(AVAILABLE RECORDS begins)

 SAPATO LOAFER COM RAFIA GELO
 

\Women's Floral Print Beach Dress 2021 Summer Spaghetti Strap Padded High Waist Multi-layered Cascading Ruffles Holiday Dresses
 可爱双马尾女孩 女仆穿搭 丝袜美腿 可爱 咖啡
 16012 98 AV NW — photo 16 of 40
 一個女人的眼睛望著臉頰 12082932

(AVAILABLE RECORDS ends)
(AVAILABLE RECORDS begins)

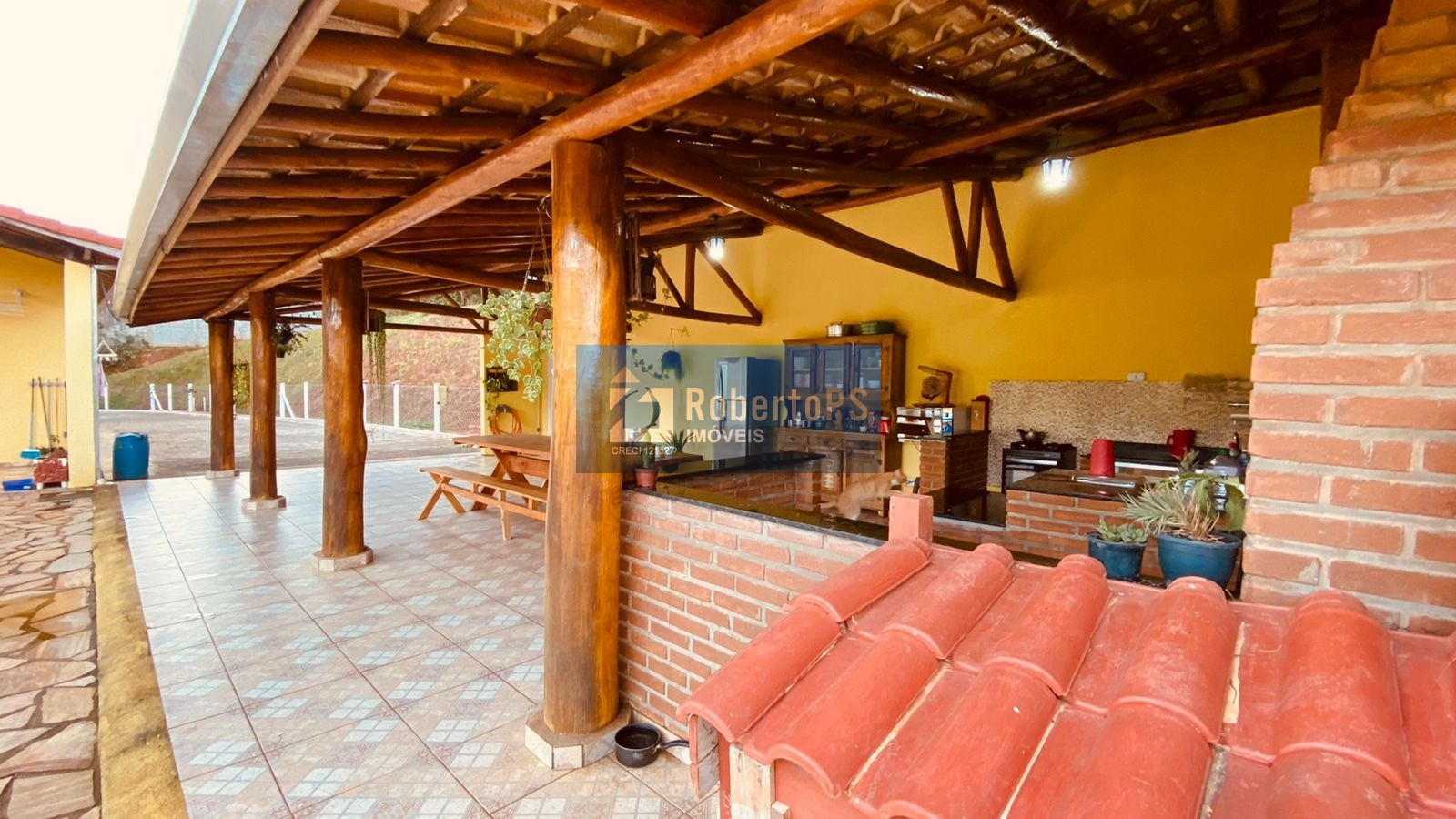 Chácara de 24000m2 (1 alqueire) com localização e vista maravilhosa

(AVAILABLE RECORDS ends)

- [TASK ITEM]:
Using the entries above, give again exactly the lines from the line holding "可爱双马尾女孩 女仆穿搭 丝袜美腿 可爱 咖啡" through the line holding "一個女人的眼睛望著臉頰 12082932". Include both end lines and nothing else.

- [EXERCISE OUTPUT]:
 可爱双马尾女孩 女仆穿搭 丝袜美腿 可爱 咖啡
 16012 98 AV NW — photo 16 of 40
 一個女人的眼睛望著臉頰 12082932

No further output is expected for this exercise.